If I buy a timeshare in RCI Points with use this year, I have to take the Points for 2012.  However, I request through the seller/closing company that only the 2012 Points are transferred to my account.  I request that the timeshare ownership is not placed into my Points account and that the required form is filled out and submitted to RCI to remove the week from Points.  It is then necessary to follow up with the resort to ensure that the following year is available to me as a fixed week.  

Only ramification was that once the following year's use was messed up.  It got straightened out in the end through the resort the week before check-in.  So it is best to follow-up after the ownership is transferred with the resort to ensure the following year's use is available.

I find most OBX weeks are more valuable for resale if they are not in Points.  A lot of people interested in buying on OBX aren't familiar with RCI Points and just want the fixed week to use each year.  Also, if you plan to use the underlying week, you have to remember to reserve it.  You don't get any notice that you need to reserve it either and you may forget.  If it's a prime week and your time has passed to reserve, it may not be available if you think about it a week after the reservation period has ended.

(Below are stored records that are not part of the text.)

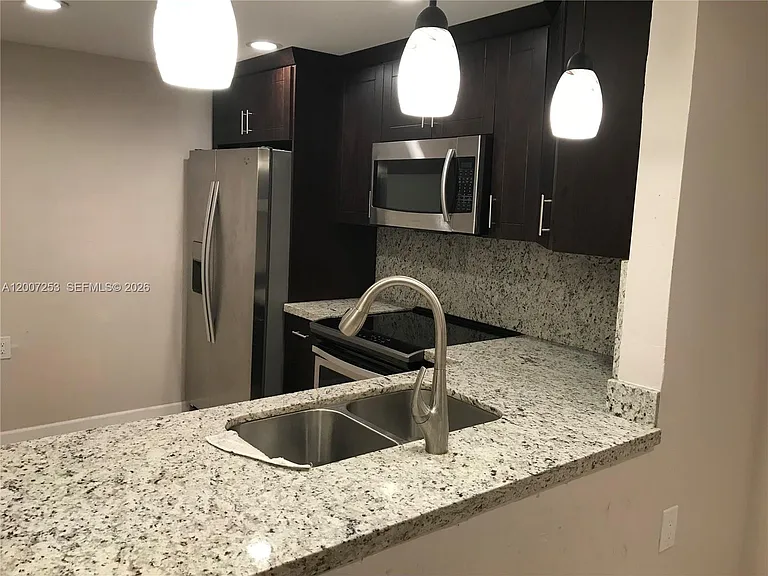 11237 SW 88th St #211 — Photo 3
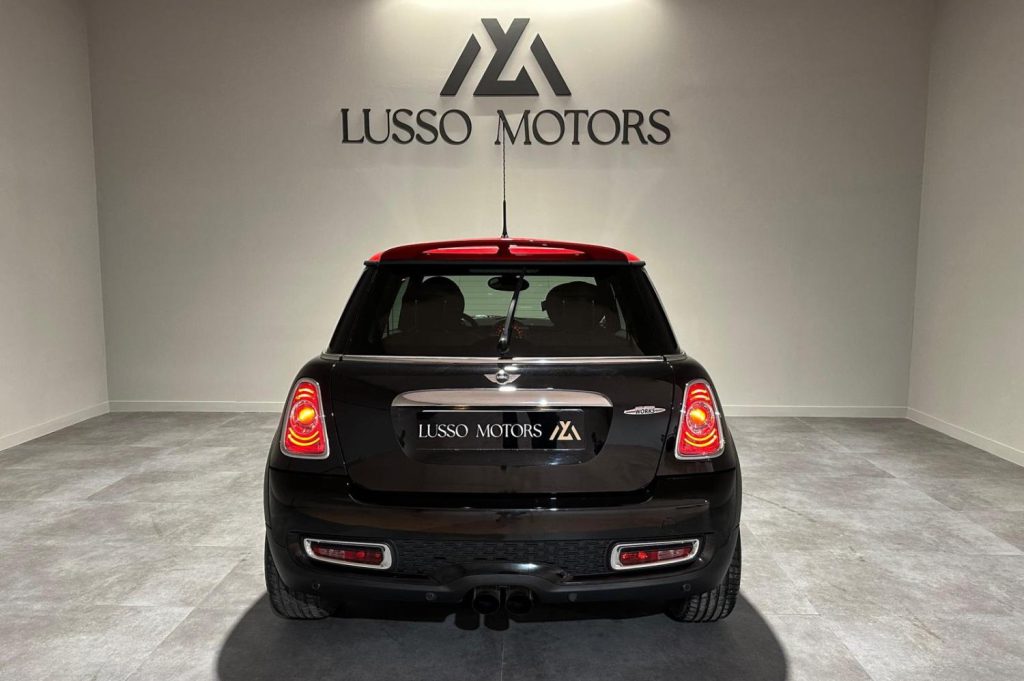 MINI John Cooper Works Coupe 2p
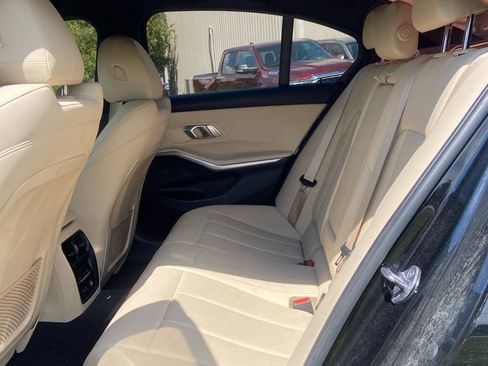 Used 2020 BMW 330i Sedan w/ Convenience Package RWD image 12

In Duck, I own at both Barrier Island's Ocean Pines and BIS Duck.  If you like the quieter Duck area, either of these are a good choice.  SPM Resorts is doing great things with both resorts.  If you own at Ocean Pines, you can also use the amenities at BIS Duck.  If you like lock-outs, only BIS Duck has them.  Lock-outs can afford great flexibility.  Both resorts require climbing stairs (some many).  No elevators.  Ocean Pines, most units are townhouse style on three levels (ground, first, second floors).  BIS Duck top floor units can have a whole bunch of steps up to units and sometimes inside units.  If climbing steps is an issue, this is something to consider.

PS, you're still showing as a Guest.  You can change this to Member (or not).


----------



## susquehannaretriever (Jun 22, 2012)

So Egret to follow up to that good info. you shared, if you are looking for a TS, and it's in points, and there is another that you are interested in, which is a fixed week, I assume you would rather just take the fixed week?  




Egret1986 said:


> If I buy a timeshare in RCI Points with use this year, I have to take the Points for 2012.  However, I request through the seller/closing company that only the 2012 Points are transferred to my account.  I request that the timeshare ownership is not placed into my Points account and that the required form is filled out and submitted to RCI to remove the week from Points.  It is then necessary to follow up with the resort to ensure that the following year is available to me as a fixed week.
> 
> Only ramification was that once the following year's use was messed up.  It got straightened out in the end through the resort the week before check-in.  So it is best to follow-up after the ownership is transferred with the resort to ensure the following year's use is available.
> 
> ...


----------



## Egret1986 (Jun 22, 2012)

*Yes, nothing quite like a fixed summer week!*



susquehannaretriever said:


> So Egret to follow up to that good info. you shared, if you are looking for a TS, and it's in points, and there is another that you are interested in, which is a fixed week, I assume you would rather just take the fixed week?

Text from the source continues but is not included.